- Data section:
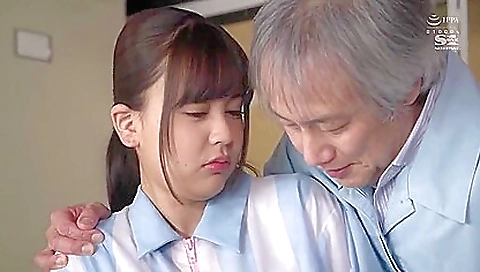 Interesting Hardcore Japanese Movie With A Plot - As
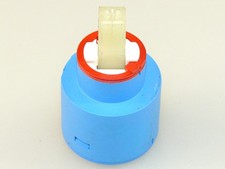 KEUCO STEUERPATRONE KERAMIK KARTUSCHE Ø 35 MM MISCHWASSERKARTUSCHE ERSATZTEIL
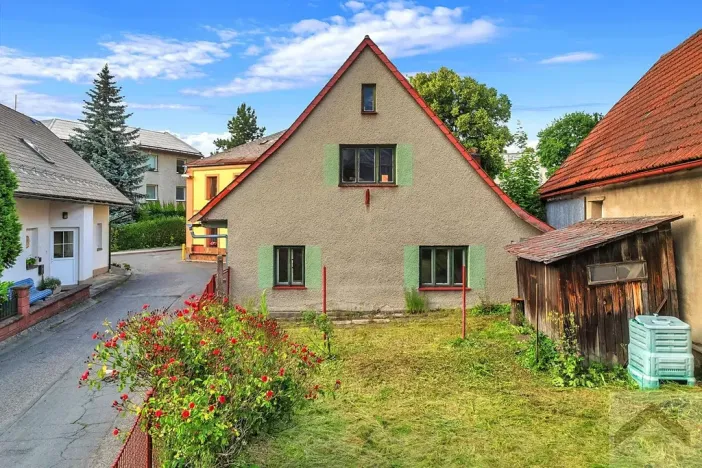 Prodej rodinného domu, Jablonné nad Orlicí, Potoční, 123 m2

- Directions for this task: Please write out all of the material above without changing a word, and omit any pictures.

- Solved exercise:
 Interesting Hardcore Japanese Movie With A Plot - As
 KEUCO STEUERPATRONE KERAMIK KARTUSCHE Ø 35 MM MISCHWASSERKARTUSCHE ERSATZTEIL
 Prodej rodinného domu, Jablonné nad Orlicí, Potoční, 123 m2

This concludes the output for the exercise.